#### MATERIAL SUPPLIED
● ● ●
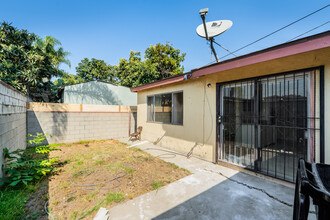 4948 W 95th St in Inglewood, CA - Building Photo - Building Photo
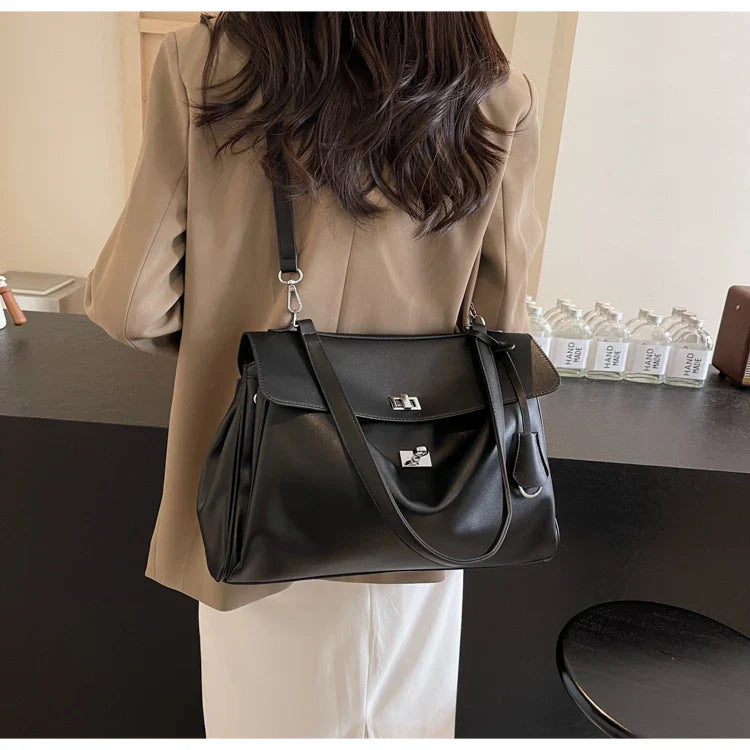 תיק עור סגירת אבזם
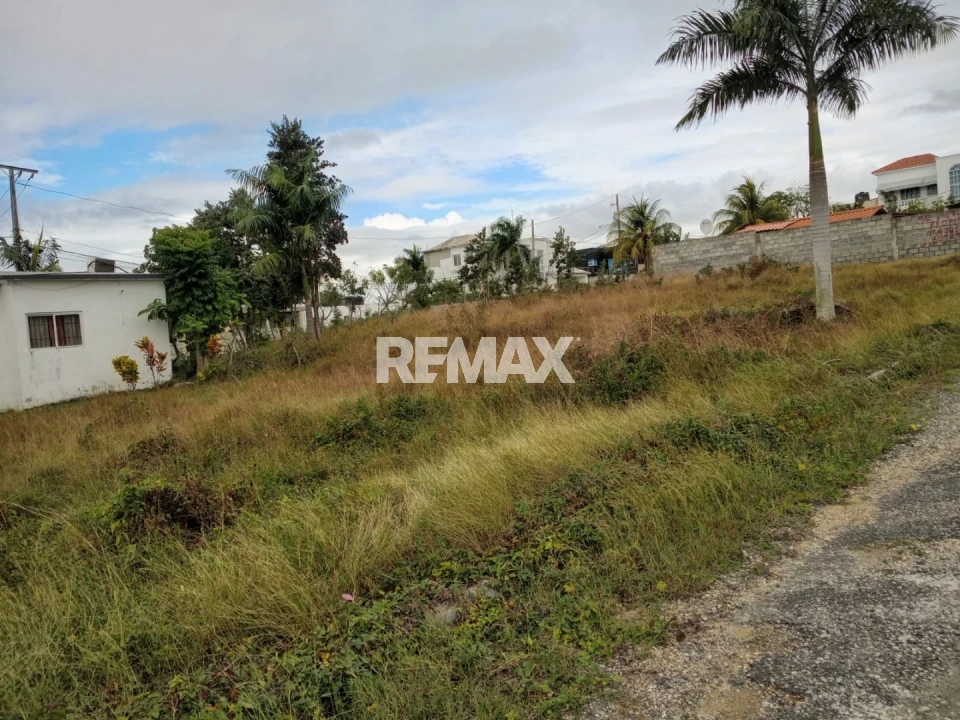 Terreno en JACOBO MAJLUTA, SANTO DOMINGO NORTE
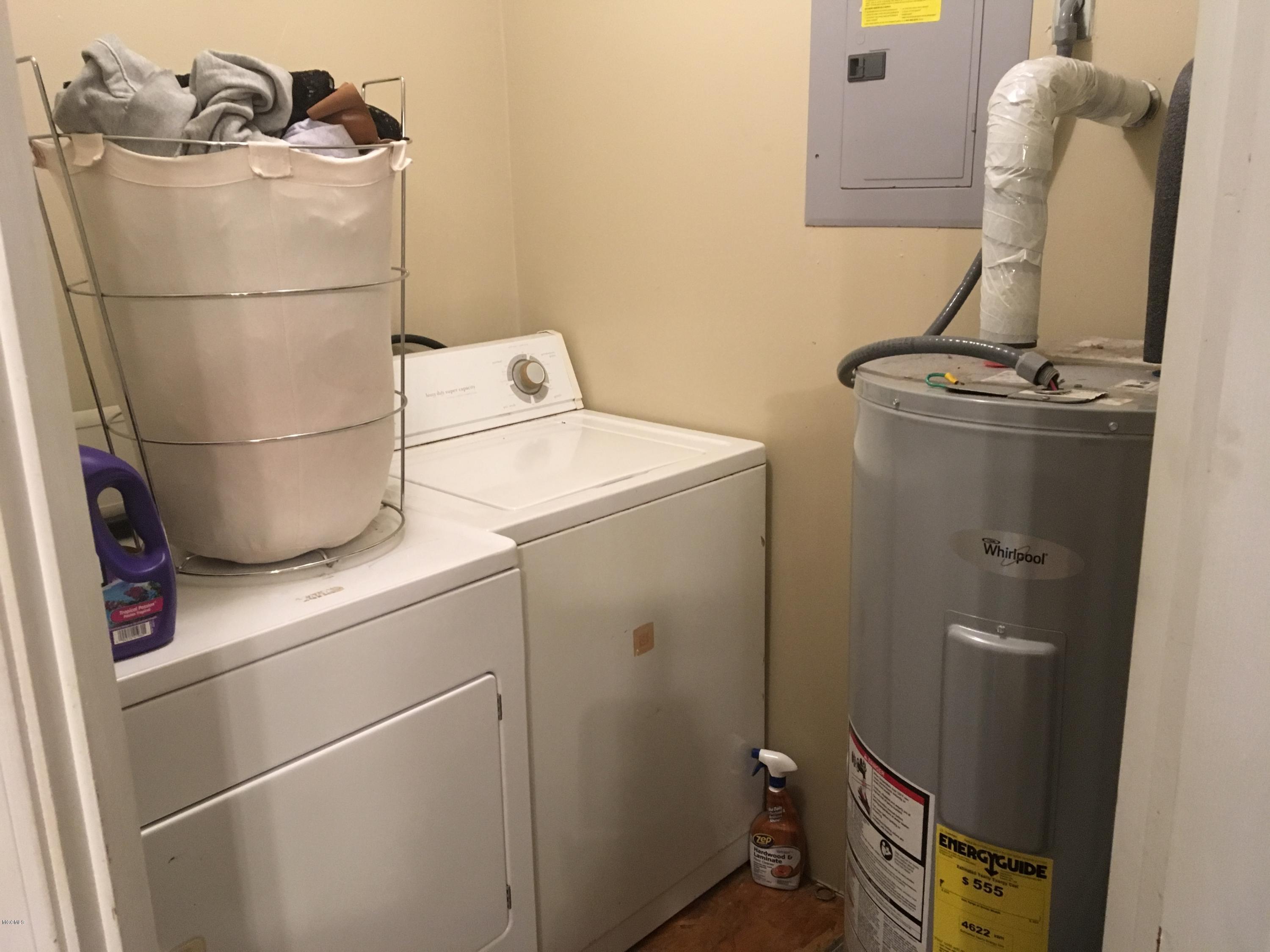 3208 Seabass Road Gautier, MS 39553 - Photo 8 of 17 Inside Laundry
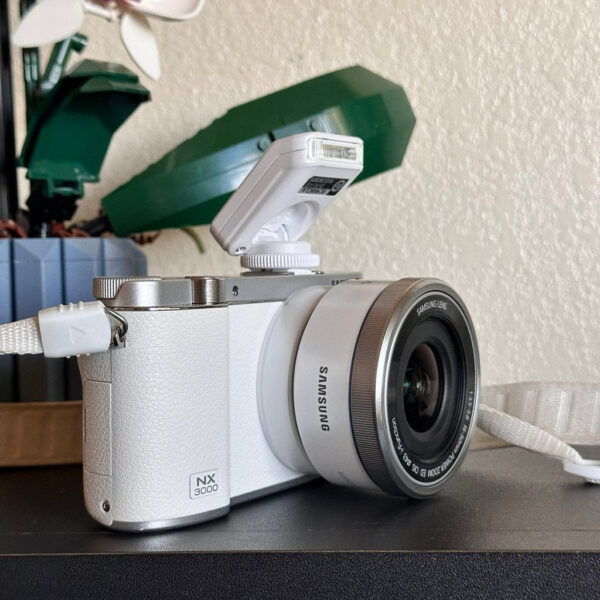 Samsung Nx3000 Mirrorless Digital Camera With 16 50Mm - Image 3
● ● ●
#### PROMPT
All the lines above are to be given again exactly as they read, with the pictures removed.

#### TASK OUTPUT
 4948 W 95th St in Inglewood, CA - Building Photo - Building Photo
 תיק עור סגירת אבזם
 Terreno en JACOBO MAJLUTA, SANTO DOMINGO NORTE
 3208 Seabass Road Gautier, MS 39553 - Photo 8 of 17 Inside Laundry
 Samsung Nx3000 Mirrorless Digital Camera With 16 50Mm - Image 3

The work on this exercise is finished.